OCTOBER 2025 • VOLUME 30 • NUMBER 3

The Right Fit: Serra firing on all cylinders 18 months after Bill Marsh acquisition

By Art Bukowski

October 2025

It was January 2024 when the Marsh brothers announced the sale of their dealerships to Serra Automotive, a move that had both auto insiders and the general public buzzing.

How would the large, multi-state outfit handle the acquisition of a long-standing local company with well-known owners and considerable goodwill?  

Now, about 18 months after the deal closed, local Serra leadership sat down with the TCBN to discuss the transition and what lies ahead.

A perfect marriage

Bill Marsh Sr. started the Bill Marsh Auto Group in 1982 after purchasing a single local Buick dealership and rebranding it as his own. Over the years, the company grew to more than 300 employees who sold and serviced eight automotive brands at several dealerships in Traverse City, Kalkaska and Gaylord.

Bill’s kids – Bill Jr., Mike and Jamie – eventually bought the business from their father, who died in 2016. When they decided it was time to sell, they had a “very short list” of people to approach. Mike Marsh told TCBN’s sister publication The Ticker that Serra Automotive Chairman Joe Serra was his first call.

Fenton-based Serra Automotive, like Bill Marsh Auto Group, is a family-owned company that started off with a single dealership – a Chevy store opened by founder Albert M. Serra in 1973. Since then, the company has evolved into one of the top 10 privately held retail automotive groups in the United States, with more than 60 dealerships in seven states.

Serra already had established a presence in Traverse City about 10 years back when it bought Traverse Motors and Cherry Capital Cadillac/Subaru from famed local

The former Bill Marsh dealership on Garfield Road. 

businessman Otto Belovich. When the call came from the Marsh brothers, it was a no-brainer.

Not only was the Marsh group a very solid business, but it was also a good cultural fit. Bill Sr. and Al Serra were friends who shared a lot of the same principles, Serra Traverse City executive manager Jim Tuohy says.

“The Serra organization is a privately held organization that believes in family values, and the way that Mr.

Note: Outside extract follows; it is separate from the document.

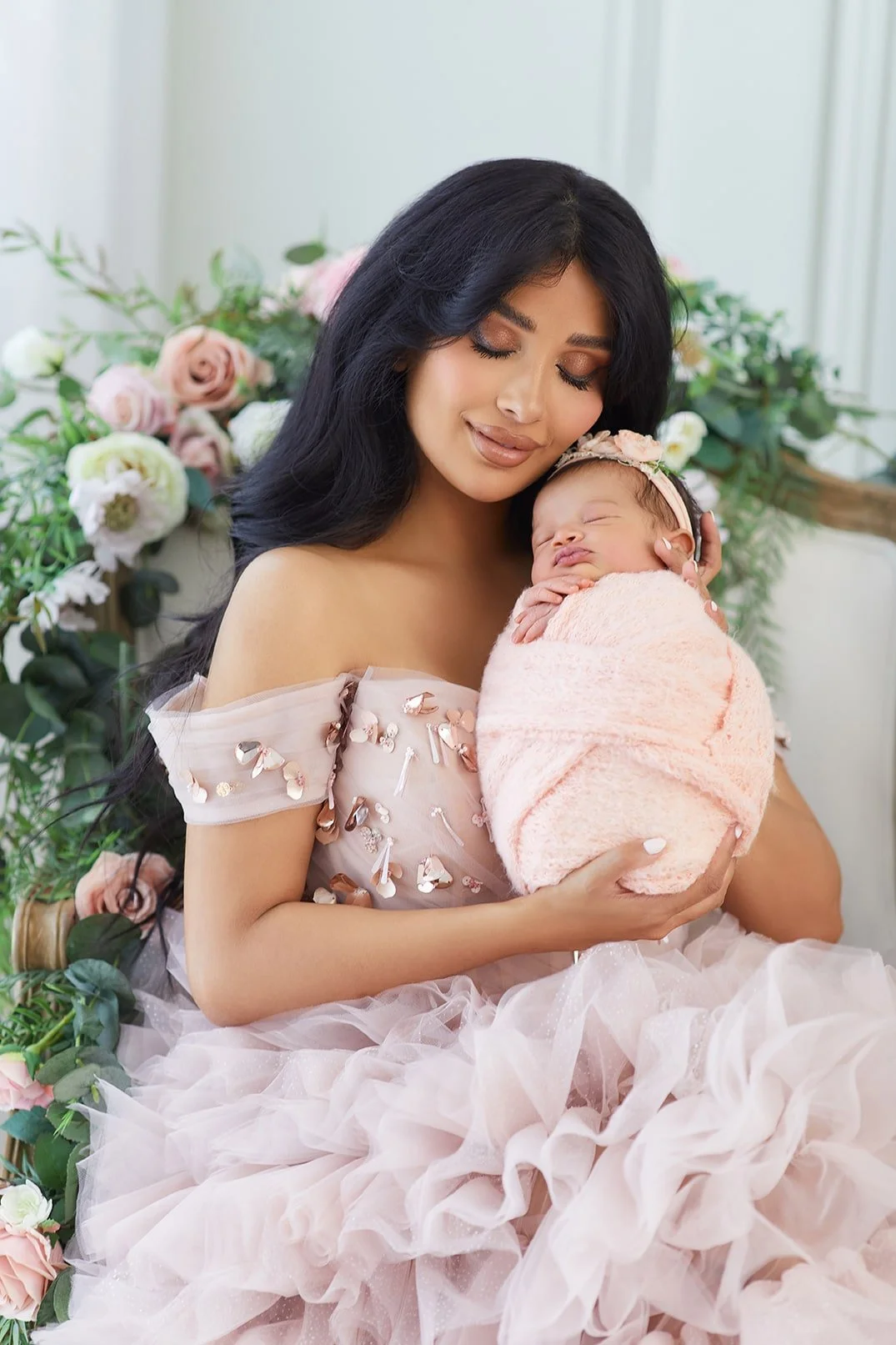 newborn-photoshoot-dubai-072.jpg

Marsh ran his operations were almost identical,” he said. “Family values, ethics, etiquette, all of those kinds of things.”

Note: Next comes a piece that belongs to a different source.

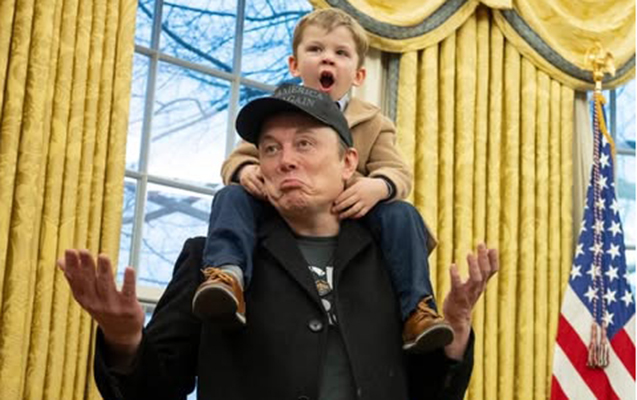 İlon Maskın 4 yaşlı oğlu Ağ Evdə - FOTOLAR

Tuohy and co-executive manager Jerry Zezulka absorbed Marsh’s Traverse City operations, a move that added about 200 employees and made Serra Traverse City by far the largest dealer in the region, selling about 10,000 vehicles a year, Tuohy says.

Marsh’s Kalkaska and Gaylord operations also went to Serra, but they’re managed separately under Serra’s network, which works in many ways like a franchise system.

Ultimately, Zezulka and Tuohy are glad the Marsh brothers sought out – and placed their trust in – Serra to continue the family legacy.

“They could have went anywhere,” Zezulka said. “What a great opportunity it was for us.”

Together and onward

There were many, many meetings before, during and after the acquisition that set the stage for a smooth transition. Despite its own successes, Serra leadership was determined to learn as much as it could from Marsh operations.   

“We wanted to make sure that we weren't going to just go in and say, ‘Hey, we do it better,’” Zezulka said. “We wanted to analyze what they were doing.”

The approach paid off in spades, Tuohy says.

“You look at a playbook of one football team versus another team, and they're similar. The whole goal is to get to the end zone, but how you get there is totally different,” he said. “[Both Marsh and Serra] got to the end zone … but the really nice thing is that they had a number of plays that were much better than ours.”

It meshes well with something Tuohy says he’s preached to his staff and coworkers for his more than 40 years in the business.

“Be humble,” he said. “Have your eyes open and realize that we've got something to learn every day.”

The community and customers handled the transition from Marsh to Serra mostly fine, Tuohy and Zezulka say, though the most dedicated Marsh clients were a bit guarded at first.

“In the beginning, not so much anymore, the customers would challenge us a little bit – ‘I’ve been doing business with Marsh for 15 years and I love them, let’s see how you guys do,’” Tuohy said. “It was a pleasure for us to prove to our customers that we would be able to offer them the same level of service that they received from the Bill Marsh team.”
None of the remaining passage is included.